1. Local or niche dissemination – Many of these studies are published in South African or regional journals with lower international citation indices.
2. Applied rather than theoretical focus – Sector-specific implementation research may be tailored for practitioner audiences, limiting publication in high-impact academic outlets.
3. Lower global resonance – Certain domains, such as municipal governance or local retail, may have limited appeal beyond the national context, reducing opportunities for placement in top-tier, internationally indexed journals.
4. Emerging research maturity – In fields like digital marketplaces or energy, POPIA-focused research is still in early stages, with relatively few contributions achieving methodological or conceptual maturity that meets high-impact journal thresholds. 

  The low average for the health sector is particularly notable, given its prominence in the volume of POPIA literature.
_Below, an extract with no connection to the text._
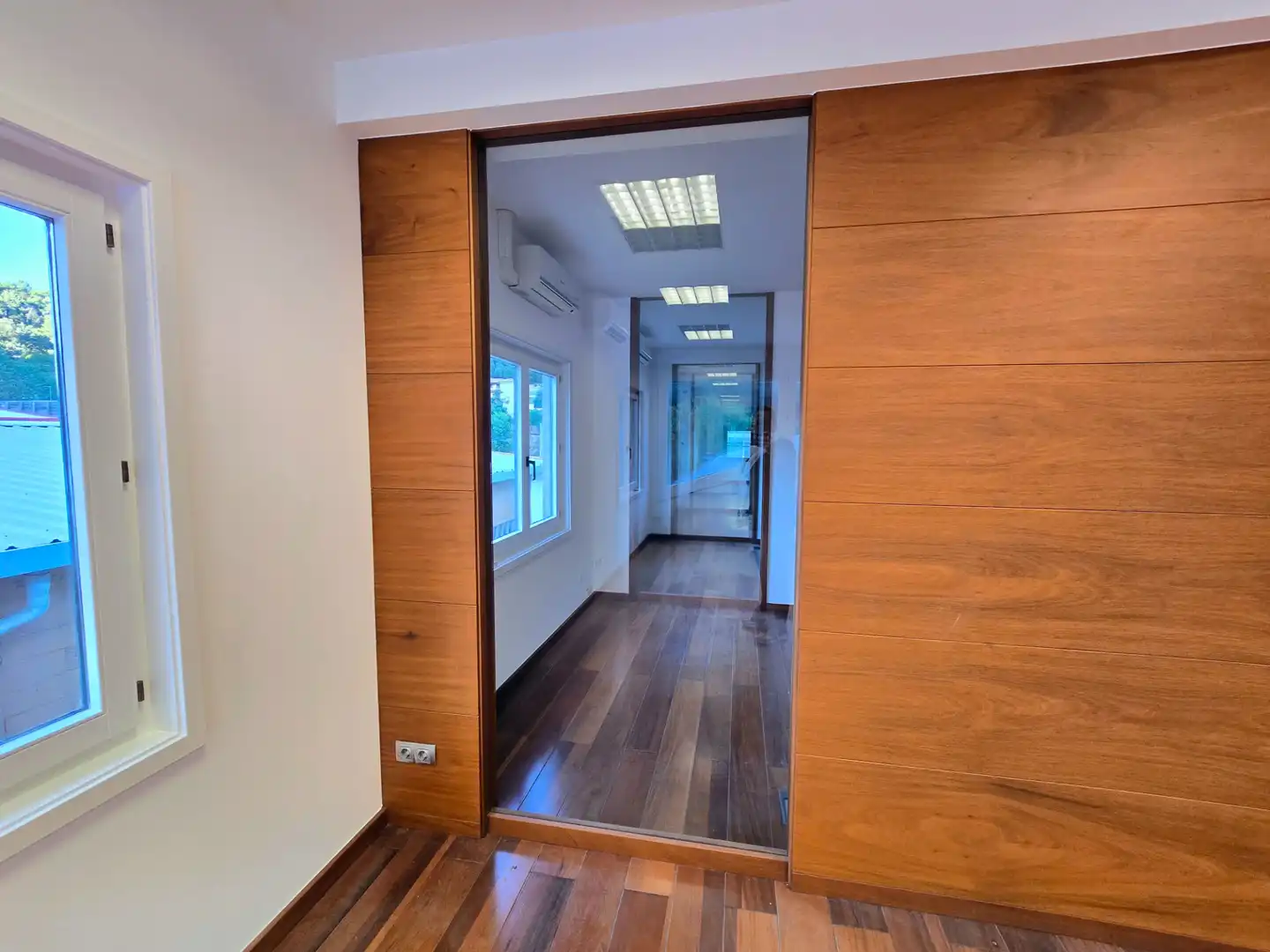 Office for rent in Aiguafreda  with Air Conditioner, Heating and Internet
This suggests a mismatch between research quantity and the quality or ranking of publication outlets. Possible explanations include publication in specialized bioethics or public health law journals that, while thematically relevant, often have modest citation metrics compared to leading technology or law journals. Overall, the data highlights a clear stratification in publication impact, where sectors with high global regulatory relevance and technological sophistication (finance, SMEs) outperform more localized or emerging domains in scholarly visibility. This suggests a need for targeted strategies to elevate the publication profile of underrepresented sectors such as fostering interdisciplinary collaborations, adopting comparative international methodologies, and aligning research outputs with the editorial priorities of higher ranked journals.
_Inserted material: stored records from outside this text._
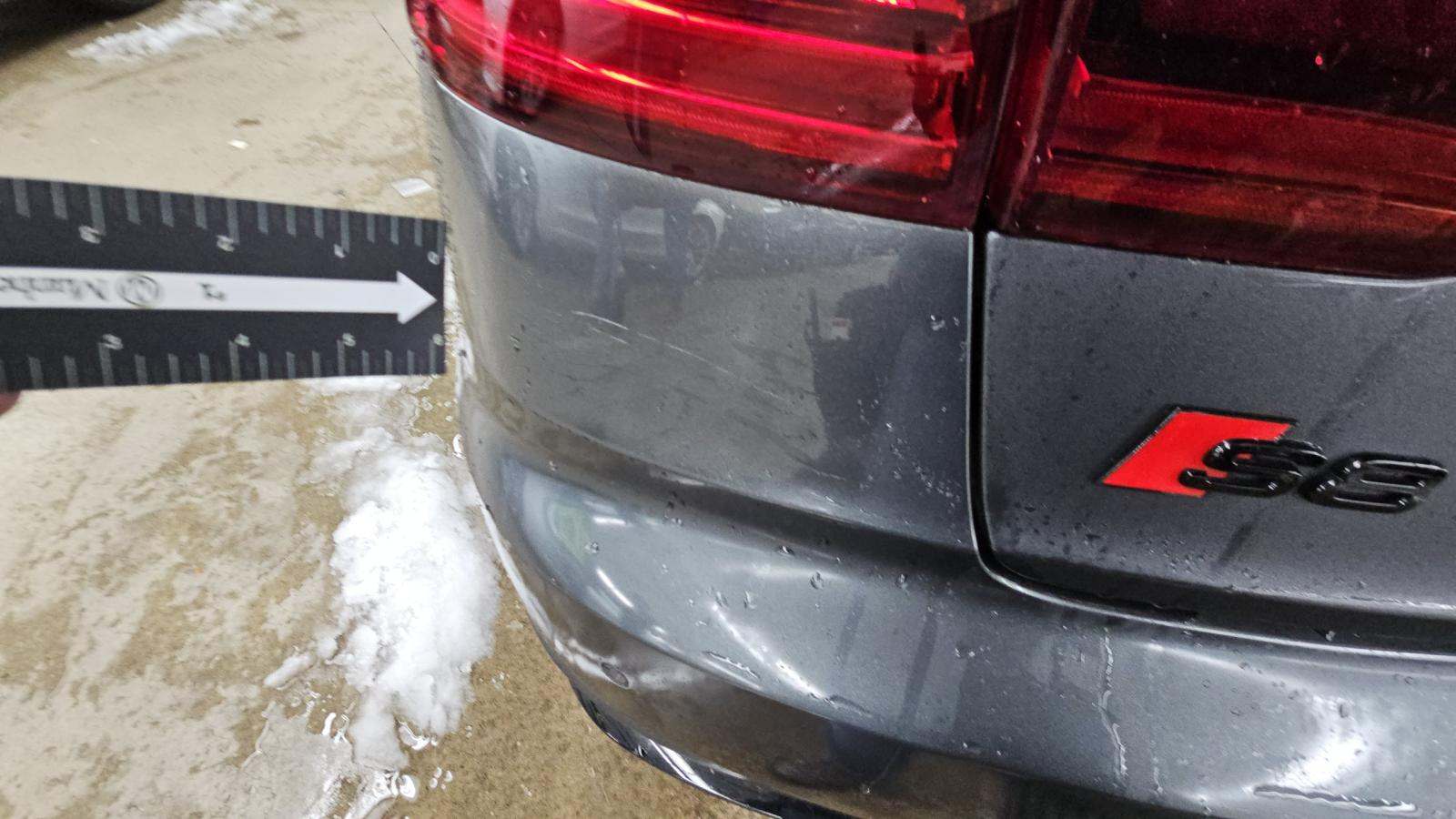 2022 Audi S8 Base AWD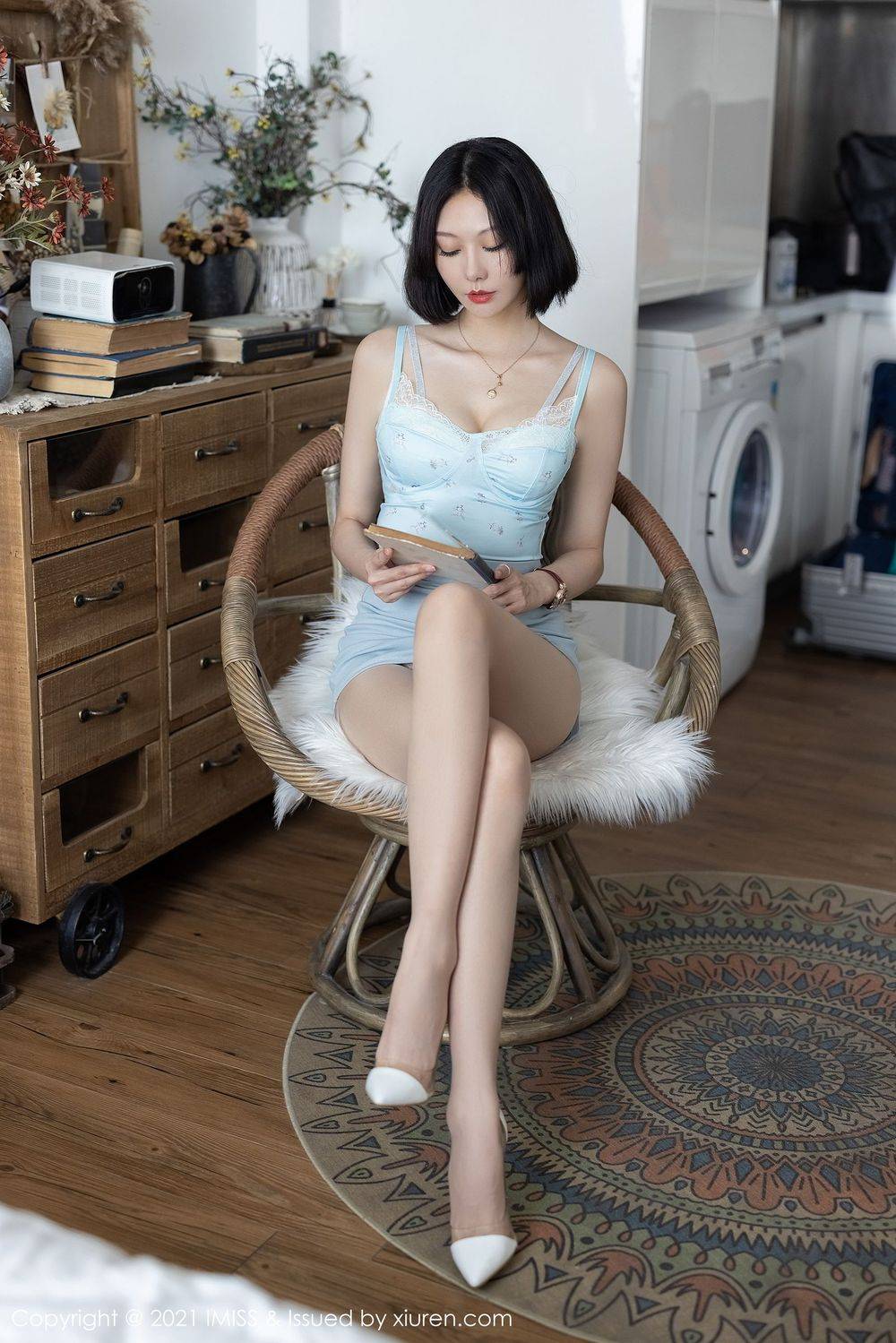 爱蜜社气质美女付艺轩Renee丝袜美腿内衣诱惑袅袅撩人套图-13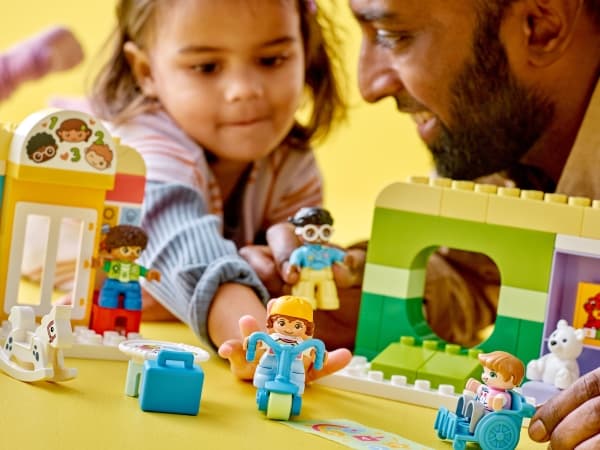 LEGO DUPLO Town 10992 En dag i barnehagen
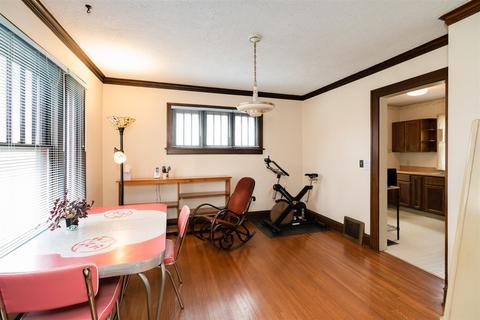 1406 E Oakland Ave, Bloomington, IL 61701 photo 9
Comments 14 [Thanks for the numerous modifications. The modifications mentioned inside the cover letter is fine to me but some of them have not been clearly reflected inside the modified article especially comments #13 & 14.
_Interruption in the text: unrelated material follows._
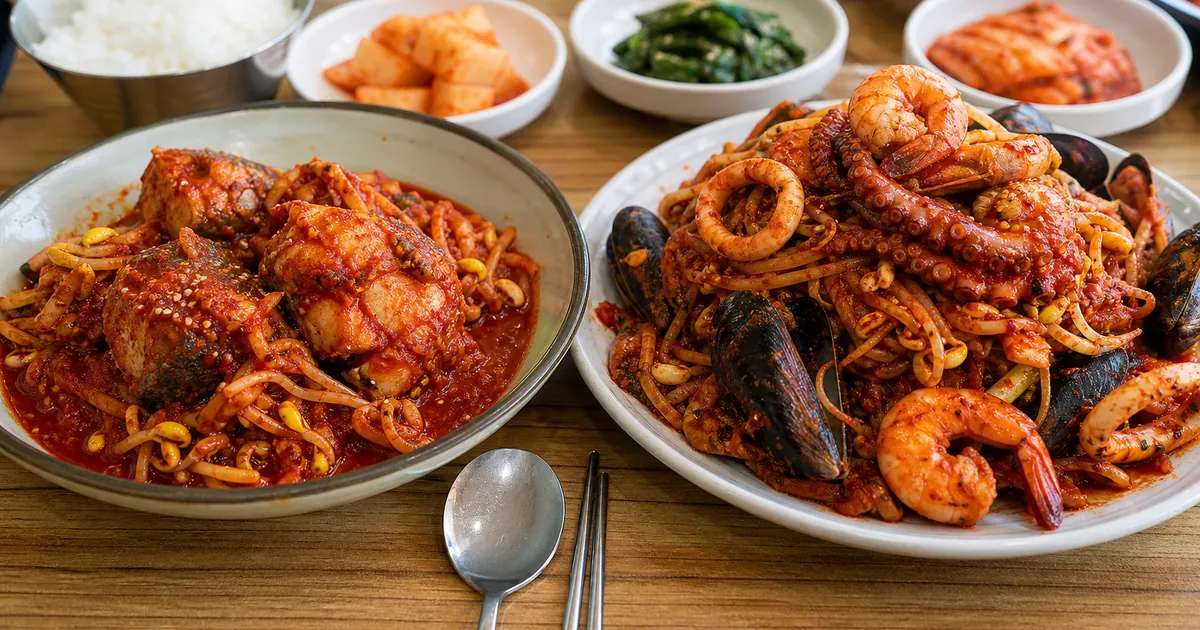 아구찜과 해물찜을 나란히 놓고 아귀 살점과 여러 해산물 구성을 비교한 매콤한 한식 점심 상차림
Response: Quality Assessment and Inter-Rater Reliability]

The quality assessment was designed to ensure transparency, methodological rigor, and high inter-rater reliability. Initial scoring and data extraction were performed by one researcher, after which two additional team members independently verified the results. Three reviewers each with expertise in data privacy, legal policy, and systematic review methodology and independently assessed every study against the predefined criteria in Table 4.1. The review team comprised a PhD candidate in Information Governance, a data protection legal scholar, and a computer science professor with extensive SLR experience as presented below:

• Reviewer A – PhD candidate in Information Governance, specialising in African data protection frameworks.
• Reviewer B – Legal scholar in data protection and privacy law.
• Reviewer C – Professor of Computer Science with extensive SLR and bibliometric analysis experience.

To minimise bias and potential groupthink, initial scoring was anonymised. Structured consensus meetings followed, during which reviewers justified their assessments with direct reference to the scoring criteria and supporting evidence. Disagreements were resolved through iterative discussion until full consensus was reached before final inclusion or exclusion decisions.

Inter-rater agreement was evaluated using Cohen’s Kappa statistic, which adjusts for chance agreement. The resulting coefficient was 0.82, indicating almost perfect agreement according to Landis and Koch’s (1977) benchmark scale. This high κ value confirms the consistency and reliability of the scoring process.

Kappa Calculation Method:

Please see attached PDF file. I was unable to copy the Kappa calculations.

Author Response File: Author Response.pdf

Reviewer 3 Report

Comments and Suggestions for Authors

The revised paper meets the standards for publication.

Author Response

Comment 1 [The revised paper meets the standards for publication.

Response [ Thank you and much appreciated for the comment.